Let’s simplify to a toy problem to illustrate the performance issue I’m having. I have a 2D array numRows x numCols stored in contiguous memory on the order of numRows = 8000, numCols = 10000. For this toy problem, let’s say life is simple and each pixel can be computed completely independently and that the input buffer has been allocated on the device. That means I can do something like this:

__global__
void ideal(size_t len, float* buffer)
{
    const size_t start = blockIdx.x * blockDim.x + threadIdx.x;
    const size_t stride = blockDim.x * gridDim.x;
    for (size_t ii = start; ii < len; ii += stride)
    {
        buffer[ii] *= 10.0f;
    }
}

Then I call this like…

const size_t BLOCK_SIZE = 256;
const size_t len = numRows * numCols;
const size_t numBlocks1D = (len + BLOCK_SIZE - 1) / BLOCK_SIZE;

ideal<<<numBlocks1D, BLOCK_SIZE>>>(len, buffer);

This runs fine. Now let’s say that I want to refactor this to treat it as a 2D array where a unit of work is performing the operation across all cols of an entire row. There’d be no reason to do this in the toy problem, but there is in the real problem where I have ‘info’ varying per row…
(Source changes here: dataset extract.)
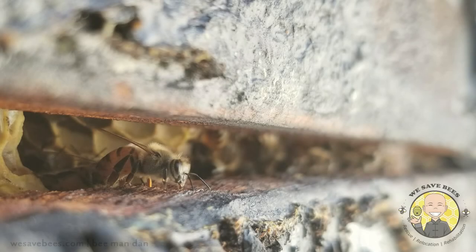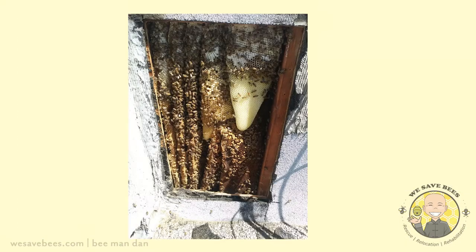Welcome to We Save Bees and our process for stucco structures. Stucco is a type of plaster that can be used for your interior or exterior walls, pillars, and more.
So, my initial approach was:

__global__
void twoDSimple(size_t numRows, size_t numCols, float* buffer)
{
    const size_t start = blockIdx.x * blockDim.x + threadIdx.x;
    const size_t stride = blockDim.x * gridDim.x;
    for (size_t row = start; row < numRows; row += stride)
    {
        float* rowPtr = buffer + row * numCols;
        for (size_t col = 0; col < numCols; ++col)
        {
            rowPtr[col] *= 10.0f;
        }
    }
}

Then calling like…

const size_t numBlocks2D = (numRows + BLOCK_SIZE - 1) / BLOCK_SIZE;
twoDSimple<<<numBlocks2D, BLOCK_SIZE>>>(numRows, numCols, buffer);

This implementation is horrendously slower for any settings of numRows and numCols, including when numCols is a nice multiple of 1024. My intuition from CPU programming is that this is a nice memory access pattern since I’m giving each thread contiguous memory to work on, but I think something horrible is happening from a memory coalescing perspective. So, I can flip the indexing around and still have each thread work on a single row, but instead have a “row” stride down instead of across:

__global__
void twoDFlipIndexing(size_t numRows, size_t numCols, float* buffer)
{
    const size_t start = blockIdx.x * blockDim.x + threadIdx.x;
    const size_t stride = blockDim.x * gridDim.x;
    for (size_t row = start; row < numRows; row += stride)
    {
        for (size_t col = 0, idx = row; col < numCols; ++col, idx += numRows)
        {
            buffer[idx] *= 10.0f;
        }
    }
}

Calling it the exact same way as the previous call:

const size_t numBlocks2D = (numRows + BLOCK_SIZE - 1) / BLOCK_SIZE;
twoDFlipIndexing<<<numBlocks2D, BLOCK_SIZE>>>(numRows, numCols, buffer);

This performs significantly better with performance approaching the original 1D indexing implementation. I assume that what’s happening is that adjoining threads are now all pulling from contiguous memory that is one element away instead of numCols away, even though my inner for loop is now striding by a large numRows value? Is this the recommended access pattern for this kind of problem? Are there any links someone can point me to discussing this (I can find plenty of general topics on efficient memory access but nothing directly speaking to this which I’d think is a common data access method). This approach is annoying in that I have to redo my indexing everywhere but is otherwise doable if it’s really the most efficient way to do this. Would I be better off allocating each row in a separate cudaMalloc() to avoid contiguous memory altogether (this will be problematic in other areas of my application where the image size has changed… right now I’m allocating one large ping/pong buffer set to the max size and reusing it throughout processing)?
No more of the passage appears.